Part I: Survivor’s Guilt
I’ve wanted to start a series on healing for several weeks now. But every time I get plans underway it seems something new crops up that needs healing . . . like discovering how many files are really unrecoverable from my defunct hard drive, or seeing our drowned garden, or finding myself living in a city experiencing its worst devastation since the Civil War.
These losses are not small things. And they follow on the heels of other not-so-small-things, which I don’t want to rehearse just at this moment. (Even though I think recounting the narrative of loss is in itself healing, that is not the step I most want or need to take here in this space.)
So what I’m trying to say in part is this: my attempts at focusing on healing haven’t been very fruitful so far either in practice or in writing. Today, however, I may have found just a bit of low-hanging fruit . . . . by throwing myself into the Nashville recovery effort. I’m not going to analyze too much here.

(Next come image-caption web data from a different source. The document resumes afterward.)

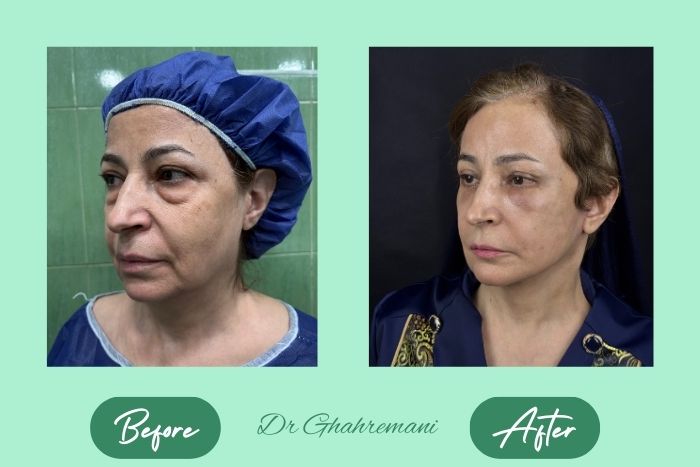 سوپر لیفت کامل صورت و گردن سوپر لیفت کامل صورت و گردن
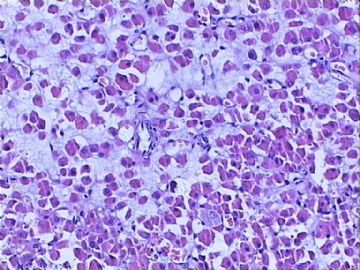 肾脏肿物：嗜酸细胞腺瘤？嗜酸细胞性嫌色细胞癌？图7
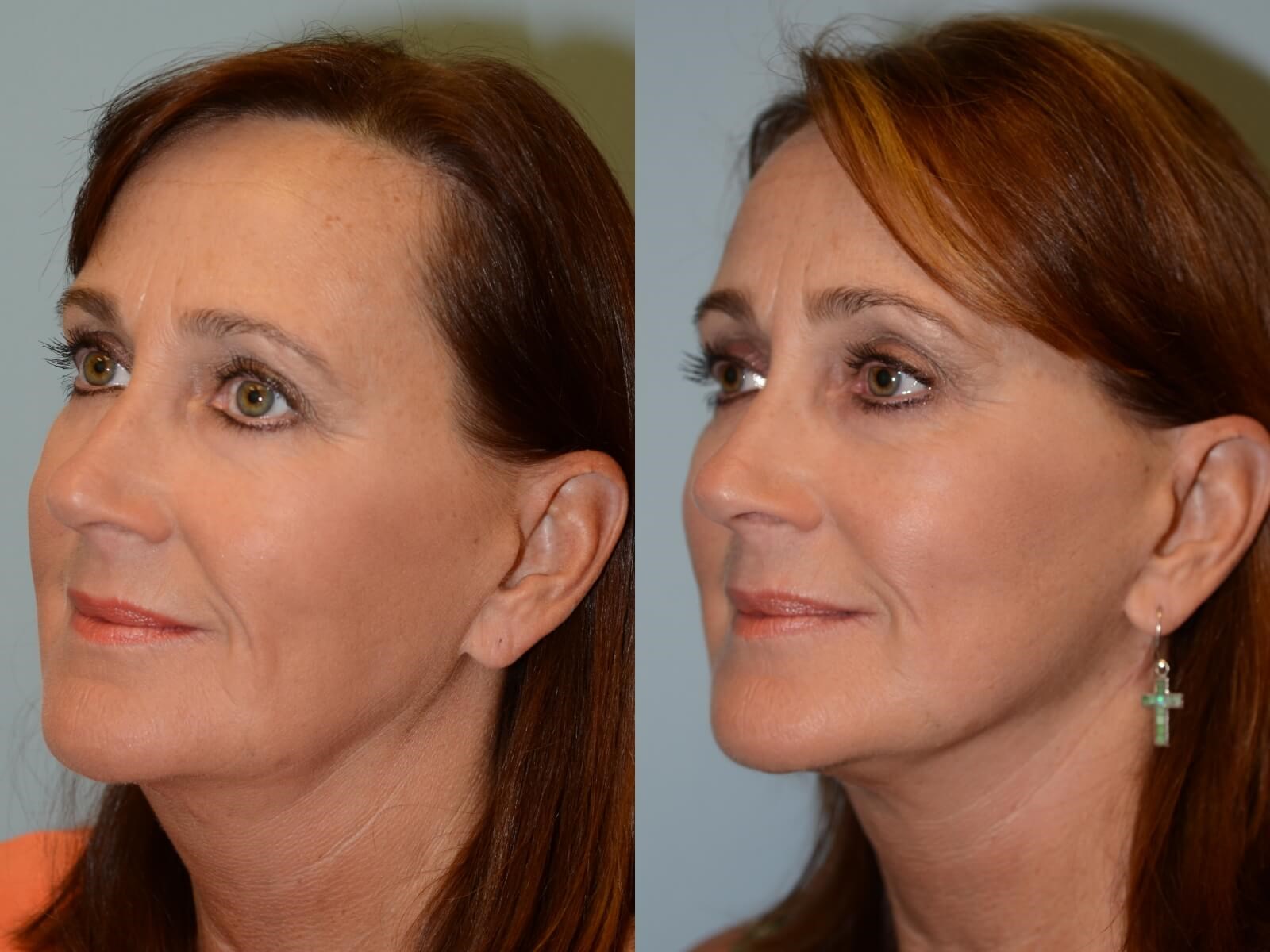 No more jowling! Before and After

I just want to tell you what I did today, things that felt fruitful, consoling and healing.
The day began with a few important moments of care for own body and soul. I slept in later than usual and after meditation and some breakfast I made it to the gym for the first time in a week. When I got home I finished some food prep which had begun last night. I wasn’t able to make it to some of our neighbors who were working in areas clogged by traffic and blocked by the police. However, I was able to deliver lunch to a few others working in another part of town. Then I spent the afternoon helping sort through the minutia of the flood’s aftermath. This was also an opportunity just to be with friends for a short while in their loss and to listen and talk. Then I spent some time in a coin laundry removing flood-mud from an enormous load of towels. Just sitting there was a chance to write in my journal. When I finally arrived home, supper was underway and we decided on the spur of the moment to invite the neighbors to eat with us. We spent the evening eating, talking, watching the children play and stoking a fire in the pit.
This day was about more than resolving my guilt. God knows (really) that during this past week I’ve felt myself at every stage of grief and survivor’s guilt. No matter how I’ve floundered or stumbled, I haven’t been able to escape the sense that my own losses weren’t serious in light of all the losses everyone else was experiencing. Giving myself a break on this point was a good move. Allowing myself to focus on something besides what I wasn’t getting done, was important. Looking at the needs of others in this case was not only helpful in some tiny way to them, it was also therapeutic (healing) for me.
The day was also about more than self care. I feel worried sometimes in pastoral care circles when “self-care” is so highly tauted, that it seems to be self obsession rather than genuine, gentle care. I’m more interested in practices that sustain self and others, like worship, sabbath and discernment. But in situations of crisis an actual focus on care of the self is important. Today I felt the fruit of that attention.
The day was about building and sustaining community. Talking with friends, sharing food, sorting through loss in the most literal sense, doing laundry, writing, working muscles, pushing children on the swing set, stoking a fire. These matter and are in fact essential for healing after loss, crisis and the disorientations that come with those losses. As I continue to discern each day what is healing, I will try to remember the fruit of this day.